#### [TASK GOAL]
From the first line to the last, repeat the data exactly but leave out the pictures.

#### [DATA EXTRACT]
⟨

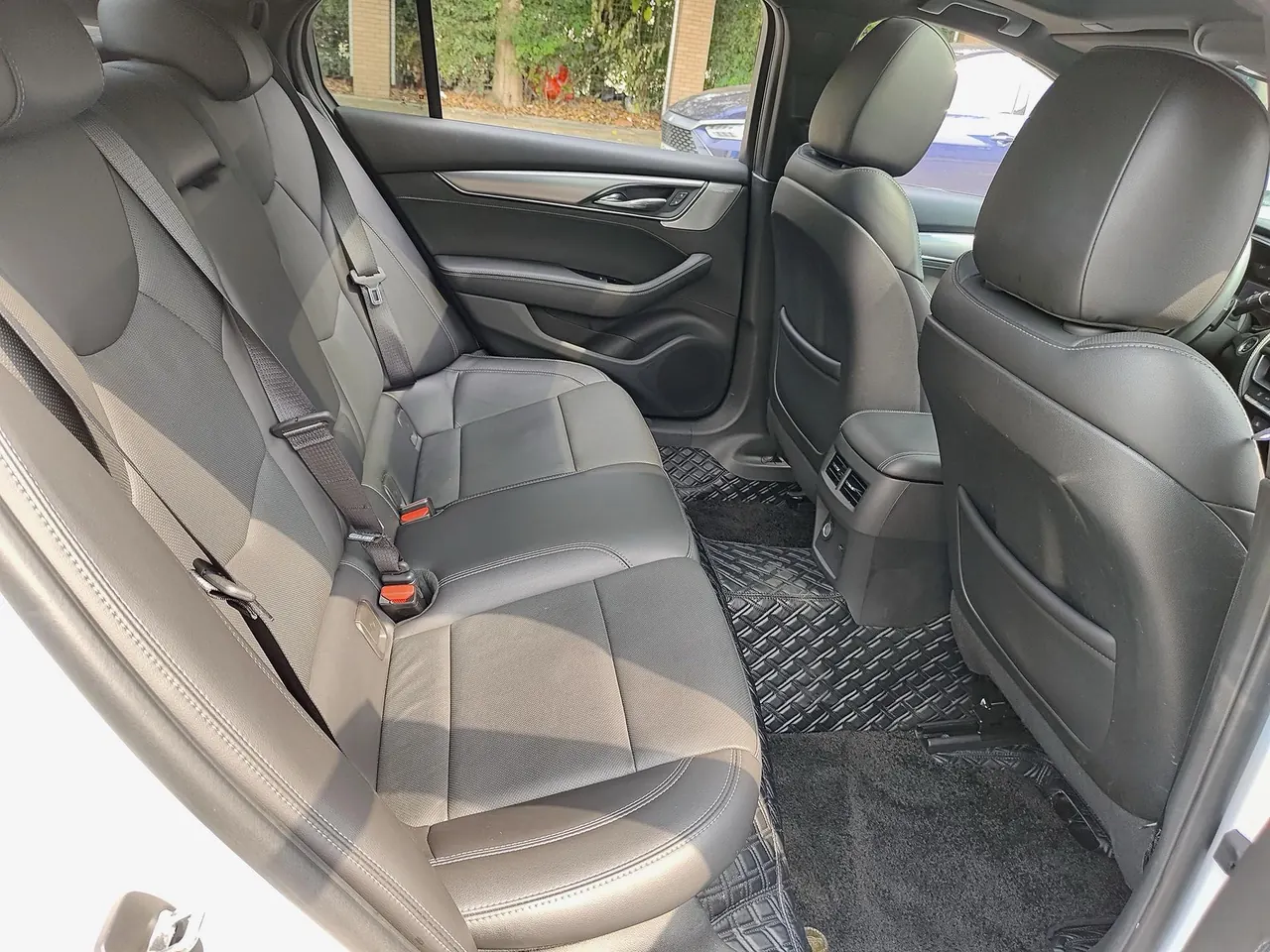 Cadillac 2023 CT5 2.0T 28T fashion automatic gear 9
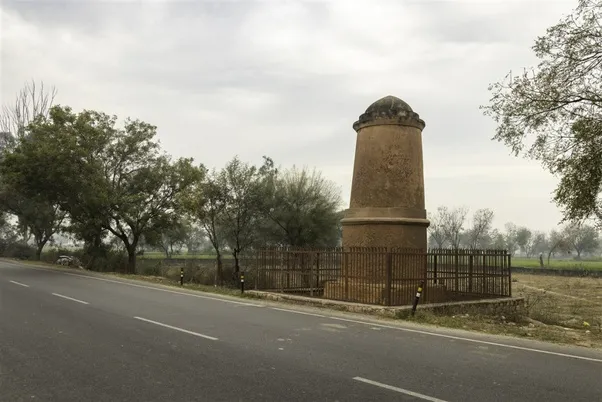 Grand truck road India - Many Kos Minar such as these still stand beside the modern GT road.
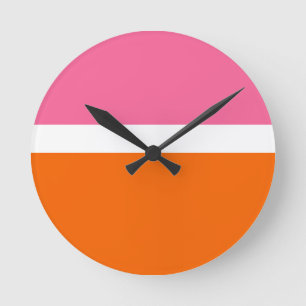 Schlichte Farbblockgestaltung in rosa, orange Runde Wanduhr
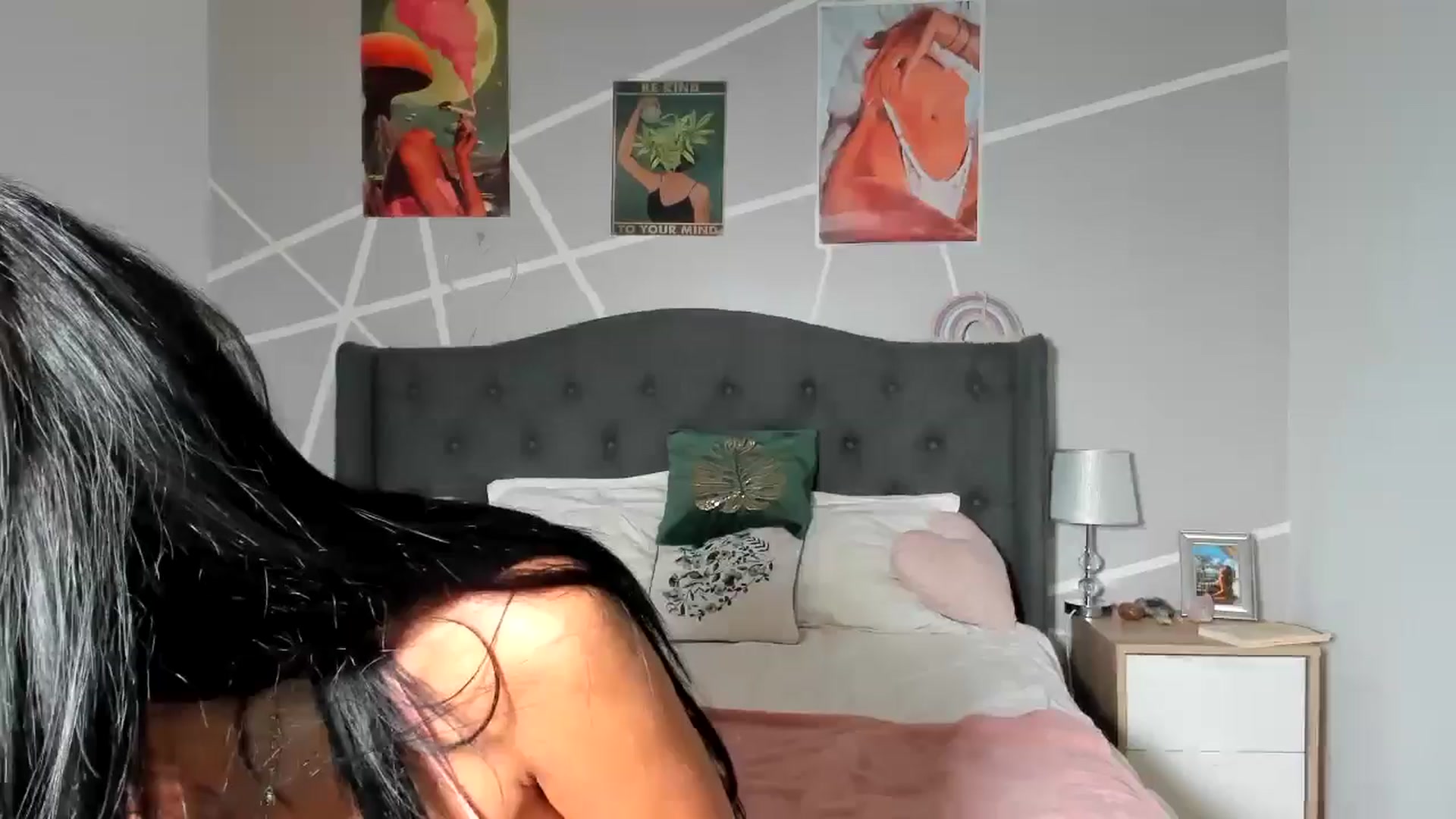 Gallery image thumbnail from JessyKatt's myfreecams stream on, 09/11/2024, 24:59 image 1 of 20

⟩

#### [EXERCISE ANSWER]
 Cadillac 2023 CT5 2.0T 28T fashion automatic gear 9
 Grand truck road India - Many Kos Minar such as these still stand beside the modern GT road.
 Schlichte Farbblockgestaltung in rosa, orange Runde Wanduhr
 Gallery image thumbnail from JessyKatt's myfreecams stream on, 09/11/2024, 24:59 image 1 of 20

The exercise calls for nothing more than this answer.